Grandfather. It made the Israelites raise the siege, for they were shocked at having driven them to such an extremity.
Marianne. But it was not their fault, grandfather ; they could not be blamed for it.
Grandfather. True, they, could not be blamed for it, and yet they had caused it. Their conduct in this teaches us that we ought to alter our line of action, if by it we have been even the innocent cause of others having erred.
George. Was there any more war in Elisha's time?
Grandfather. There was. The king of Syria prepared an expedition against Israel. He meant to fall upon them unawares; but, to his surprise, the king of Israel was made acquainted with all his plans. Not once only, nor twice, did this happen, but again and again. The king of Syria was greatly distressed. He called his people together, and spoke to them thus :—“ Will ye not shew me which of us is for the king of Israel ?” “ None, my Lord, O king,” one of his servants replied ; “ but Elisha, the prophet that is in Israel, telleth the king of Israel the words that thou speakest in thy bedchamber.” So were these heathens obliged to confess that to the God of Israel all things were known. “Go and spy where he is, that I may send and fetch him," said the king, when he was told who was the informer. When he found out that Elisha was in Dothan, he sent there horses and chariots and a great army—by night they went—and surrounded the city. When the servant of Elisha rose in the morning, and saw the host that compassed the city, he was very much afraid. “ Alas, my master,” he said, “ how shall we do ?” “ Fear not,” the man of God replied, “for they that be with us are more than they that be with them.”

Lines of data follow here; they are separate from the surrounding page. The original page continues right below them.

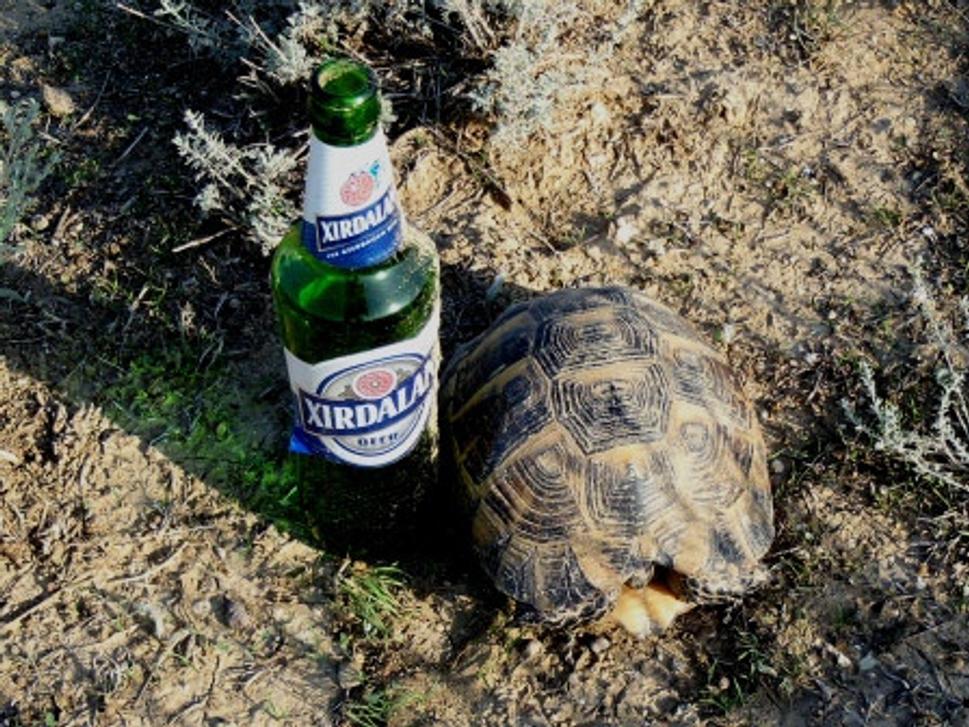 Obrázok blogu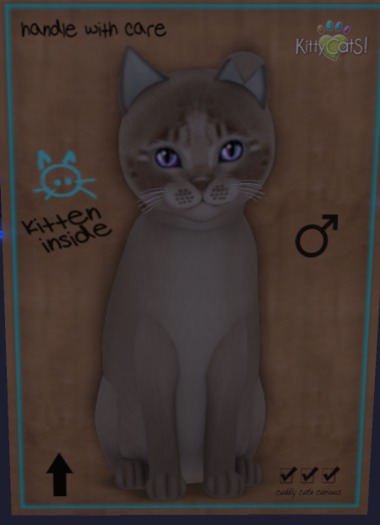 KittyCatS Box - New Born Kitten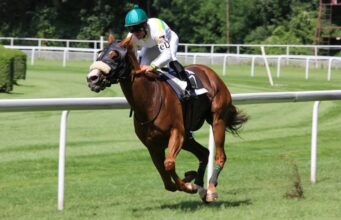 The Best Horse Betting Strategy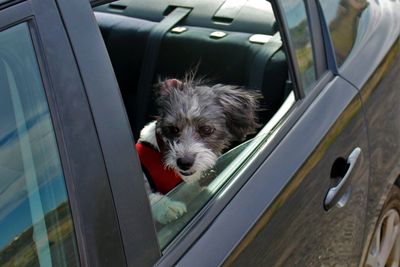 Close-up of dog on car window
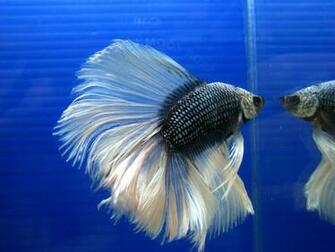 Betta Beauty Fish HD Wallpaper Desktop Wide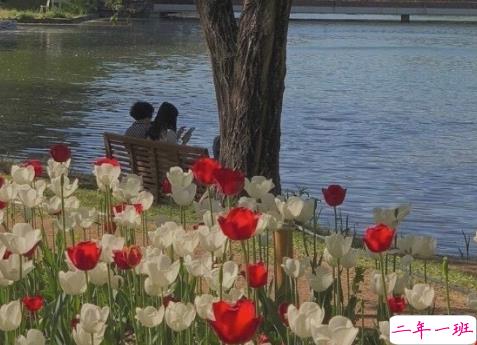 温柔文艺的文案怎么写 值得收藏的唯美句子1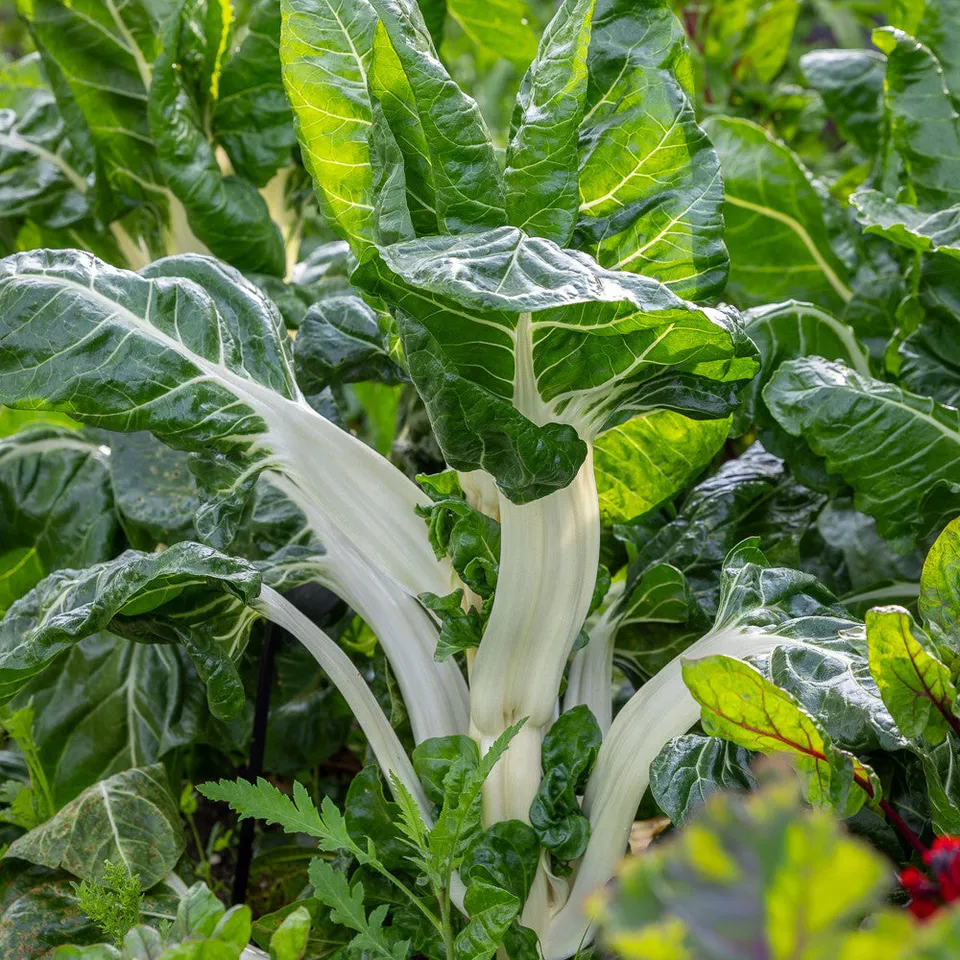 Sarah Raven Seeds Mangold White Silver 2 Samen 175 Bio-Stiele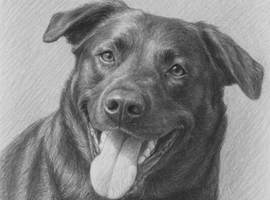 WANTED LAB/LAB X PUPPY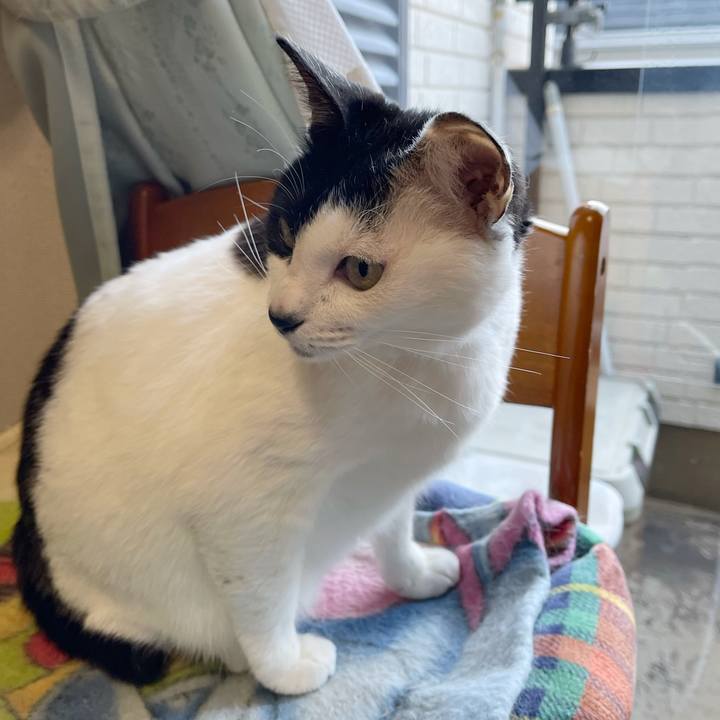 0c908cab c0eb 40f4 b8f8 82eefddba6a2 1765320609185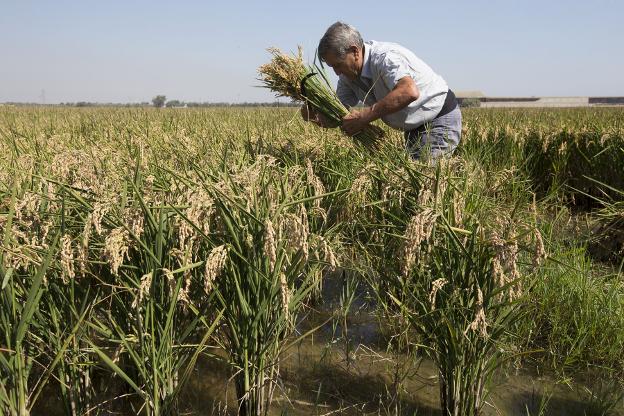 Un agricultor durante la siega a mano. 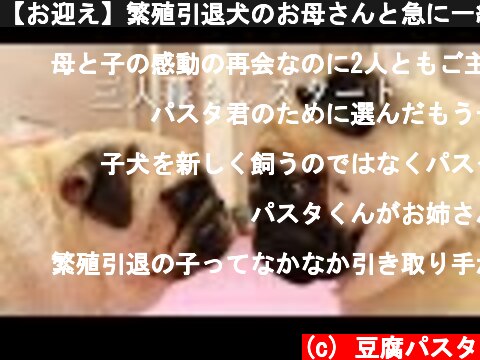 【お迎え】繁殖引退犬のお母さんと急に一緒に暮らすことになったパグの反応がこちら  (c) 豆腐パスタ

Johnnie. What did he mean by that, grandfather? Was there a large army in Dothan ?
Grandfather. He meant that God was on his side. He prayed that the eyes of his servant might be opened, that he might see how the God of Israel protected his faithful people. The eyes of the young man were opened, and he saw the mountain full of horses and chariots of fire round about the prophet. Then Elisha prayed that the people of Syria might be smitten with blindness. The prayer was granted. Then not knowing where they were going, they suffered themselves to be led to Samaria.
Johnnie. Where was Samaria ? Grandfather. It was the capital of the kingdom of Israel. When the Syrians entered it, in answer to the prayer of Elisha, their eyes were again opened, and they saw themselves entirely in the power of the king of Israel. Jehoram was doubtless both pleased and surprised when he saw his enemies in his power. “My father, shall I smite them ?” he said to Elisha. But this the prophet forbade. “ Set bread and water before them," he said, “ that they may eat and drink and go to their
master.” Jehoram obeyed the command of the prophet. He treated the Syrians kindly, and sent them away safely. Elisha here sets us an example of doing good to them that hate us.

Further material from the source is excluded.